Short descriptive text snippets:
▽
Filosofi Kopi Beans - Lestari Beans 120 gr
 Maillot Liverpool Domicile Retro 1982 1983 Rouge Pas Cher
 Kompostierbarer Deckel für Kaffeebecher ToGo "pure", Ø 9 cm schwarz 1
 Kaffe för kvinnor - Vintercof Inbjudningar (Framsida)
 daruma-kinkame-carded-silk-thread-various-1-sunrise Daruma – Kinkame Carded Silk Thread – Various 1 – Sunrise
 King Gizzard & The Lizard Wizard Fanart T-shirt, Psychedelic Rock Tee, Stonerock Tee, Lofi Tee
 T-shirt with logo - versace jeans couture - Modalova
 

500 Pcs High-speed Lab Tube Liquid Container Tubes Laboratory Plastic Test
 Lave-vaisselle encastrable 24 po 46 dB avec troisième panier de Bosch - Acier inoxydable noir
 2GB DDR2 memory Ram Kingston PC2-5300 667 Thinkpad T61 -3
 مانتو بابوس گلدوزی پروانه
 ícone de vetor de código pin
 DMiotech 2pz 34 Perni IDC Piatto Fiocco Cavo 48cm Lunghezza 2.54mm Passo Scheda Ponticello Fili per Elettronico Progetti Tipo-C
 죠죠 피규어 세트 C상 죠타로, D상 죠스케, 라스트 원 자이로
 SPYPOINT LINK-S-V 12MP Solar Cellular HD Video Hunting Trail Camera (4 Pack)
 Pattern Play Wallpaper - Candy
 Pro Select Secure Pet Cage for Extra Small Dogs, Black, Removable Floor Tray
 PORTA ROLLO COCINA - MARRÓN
△
EXERCISE DIRECTIONS | Retype exactly. Start at the line with "Lave-vaisselle encastrable 24" and stop at the last line of the data.

REPLY |
 Lave-vaisselle encastrable 24 po 46 dB avec troisième panier de Bosch - Acier inoxydable noir
 2GB DDR2 memory Ram Kingston PC2-5300 667 Thinkpad T61 -3
 مانتو بابوس گلدوزی پروانه
 ícone de vetor de código pin
 DMiotech 2pz 34 Perni IDC Piatto Fiocco Cavo 48cm Lunghezza 2.54mm Passo Scheda Ponticello Fili per Elettronico Progetti Tipo-C
 죠죠 피규어 세트 C상 죠타로, D상 죠스케, 라스트 원 자이로
 SPYPOINT LINK-S-V 12MP Solar Cellular HD Video Hunting Trail Camera (4 Pack)
 Pattern Play Wallpaper - Candy
 Pro Select Secure Pet Cage for Extra Small Dogs, Black, Removable Floor Tray
 PORTA ROLLO COCINA - MARRÓN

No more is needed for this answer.